Miré a nuestro alrededor y nos vi reflejados en los distintos espejos desde diferentes ángulos. Los dedos de ambos acariciaban su sexo mientras nos movíamos, y supe que jamás había visto nada parecido a aquello. Sabía que era un juego, pero, joder, no quería dejar de jugarlo nunca.

Volví a concentrarme en ella cuando empezó a repetir mi nombre una y otra vez. Echó la cabeza hacia atrás sobre mi hombro mientras se corría y me apretaba con sus músculos internos. Todo me parecía apasionado y eléctrico, y mi corazón latía con fuerza en el interior del pecho.

—No cierres los ojos, joder. No cierres los ojos. Estoy a punto de correrme. —Un momento después mi cuerpo se estremeció con el orgasmo y llenó el condón. Caí hacia delante y le apreté la cintura con los dedos mientras sentía el rápido torrente de sangre que recorría mis venas.

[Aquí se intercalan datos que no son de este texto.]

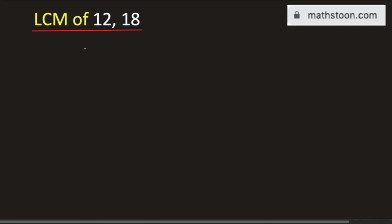In this video, we will find the LCM of 12 and 18 by the division method. See that both are even numbers. So we will divide them by 2.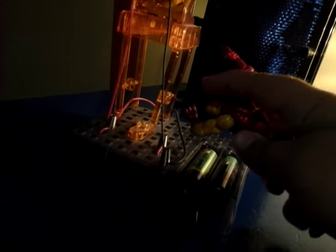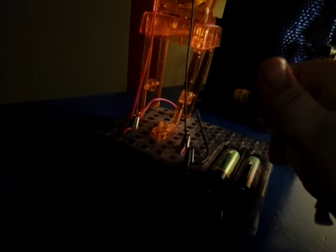Sorry about that, we'll fix the batteries. Sorry about that, okay I'm just gonna do it by myself then.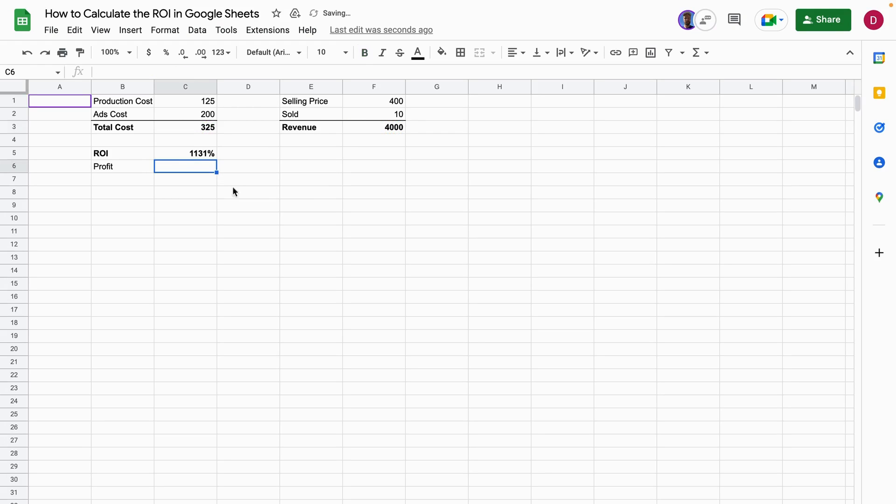In order to calculate the profit, you multiply the total costs by the ROI. So that's equal sign, total costs times ROI, hit enter.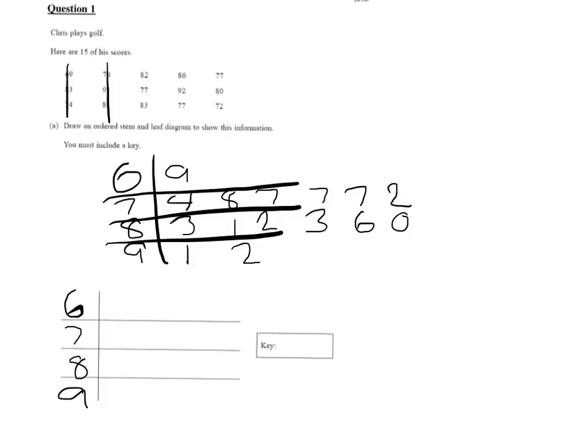And check that you've got 15. So if I correctly count these, 1, 2, 3, 4, 5, 6, 7, 8, 9, 10, 11, 12, 13, 14, 15.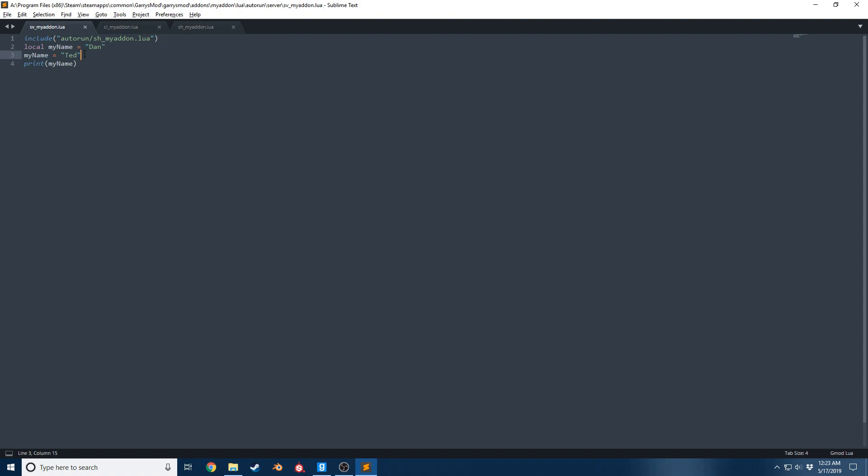Another thing is we can create multiple variables. We can say local age equals 19. You'll notice that this is a little different than Dan and Ted. This is a number value. I could write it in quotes and that would simply be a string, but since this is a number value, if we ever want to perform math with it, we won't be able to if it's written as a string. We have to make sure we keep our data types correct.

—Madre mía… —susurró Sara, que se volvió para mirarme con una sonrisilla.

—Y que lo digas. —Conseguí incorporarme y quitarme el condón para poder acomodarnos en el canapé. Sara estaba relajada, maleable, y sonrió con expresión soñolienta mientras se tendía de espaldas con un leve suspiro.

—No sé si voy a poder andar —dijo antes de alzar una mano para apartarse el cabello húmedo de la frente.

—De nada.

Me miró con aire sorprendido.

—Siempre tan presumido.

Sonreí y cerré los ojos mientras intentaba recuperar el aliento. Al menos volvía a sentir las piernas.

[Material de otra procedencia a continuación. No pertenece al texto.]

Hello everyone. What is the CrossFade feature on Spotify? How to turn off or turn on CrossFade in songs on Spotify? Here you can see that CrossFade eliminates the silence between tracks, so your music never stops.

Guardamos silencio durante un rato. Se oían las bocinas de los coches en la calle, un helicóptero a lo lejos. La estancia ya se había oscurecido cuando noté que el canapé se movía y levanté la mirada. Sara se había levantado y había empezado a recoger su ropa.

—¿Qué planes tienes para el resto de la noche? —pregunté mientras me colocaba de lado para ver cómo se ponía el vestido.

—Me voy a casa.

—Tenemos que comer algo. —Estiré el brazo y deslicé la mano por la piel suave de su muslo—. Está claro que nos hemos esforzado por abrir el apetito.

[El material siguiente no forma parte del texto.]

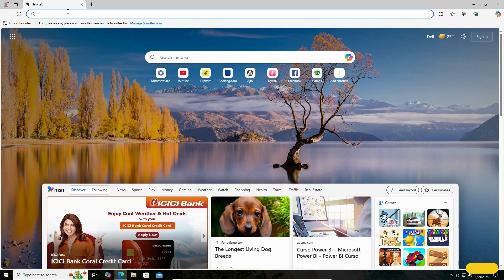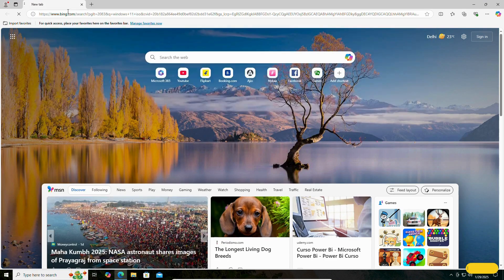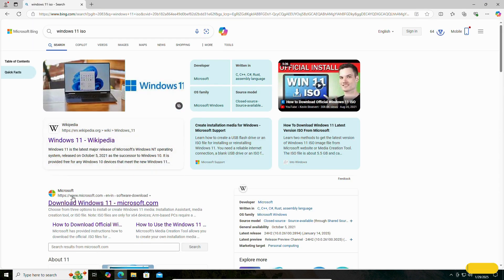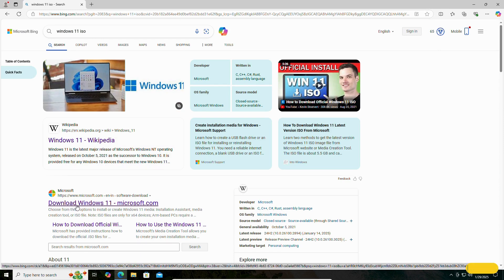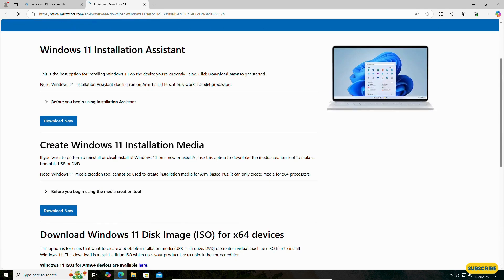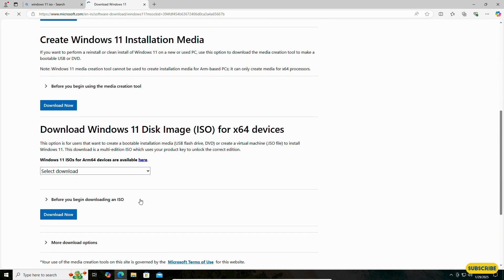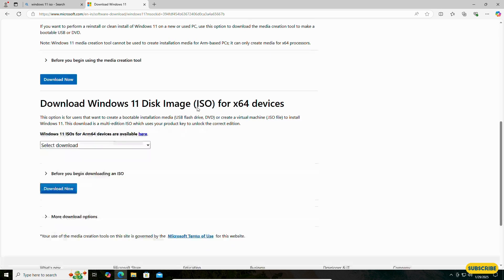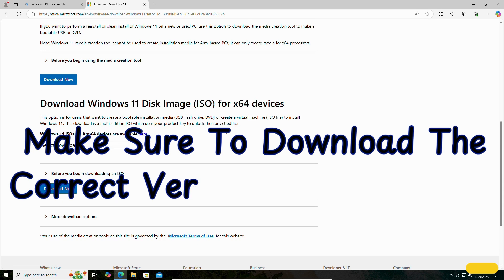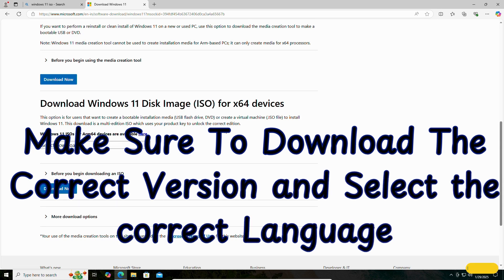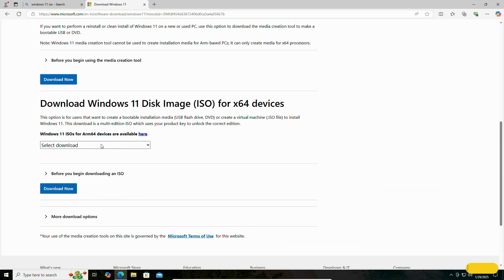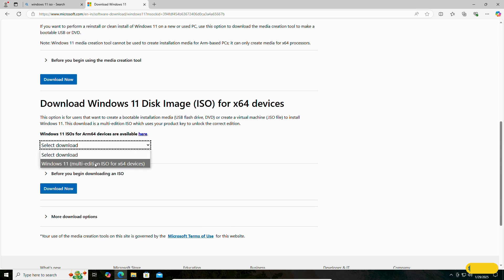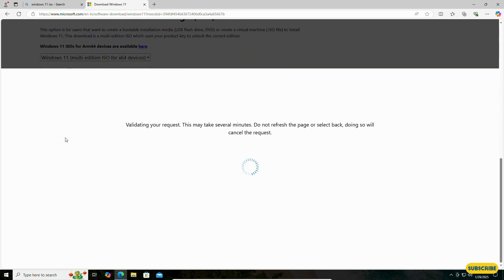To download the ISO file of Windows 11, open any browser and search for 'Windows 11 ISO file'. Click on the first link — I will add this link in the video description. Scroll down. If you don't want to face any issues during the upgrade, make sure to download the correct version and select the correct language. Select ISO 64 and click on Download Now.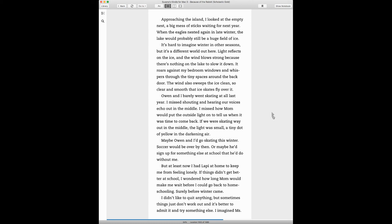Approaching the island, I looked at the empty nest, a big mess of sticks waiting for next year. When the eagles nested again in late winter, the lake would probably still be a huge field of ice. It's hard to imagine winter in the other seasons, but it's a different world out here. Light reflects on the ice, and the wind blows strong because there's nothing on the lake to slow it down. The wind also sweeps the ice clean, so clear and smooth that ice skates fly over it.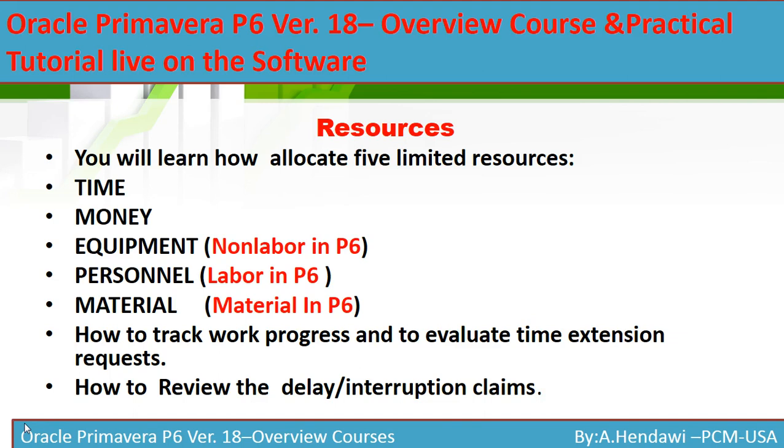If you have any delays or interruption claims, you're going to use the resources. Resources are very important and we're going to focus in this exercise on non-labor which is equipment, personnel, and material.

Me apartó la mano con un gesto delicado y se arrodilló en el suelo para buscar el zapato que le faltaba. No recordaba habérselos quitado.

—Esto no funciona así.

Fruncí el ceño. Supuse que debería haberme sentido aliviado al saber que ella no iba a añadir un toque sentimental a aquel asunto, pero lo cierto era que Sara se había convertido en todo un misterio para mí. Era evidente que no tenía mucha experiencia, que era bastante ingenua. Sin embargo, había confiado en mí y había acudido a una cita bastante imprudente.

«¿Por qué?», me pregunté.

«Todo el mundo tiene su juego. ¿Cuál es el suyo?»

Se puso los zapatos, se incorporó y sacó un cepillo del bolso para arreglarse el pelo. Tenía los ojos brillantes y la cara algo más ruborizada de lo habitual, pero por lo demás tenía un aspecto de lo más presentable.

Tendría que esforzarme más la próxima vez.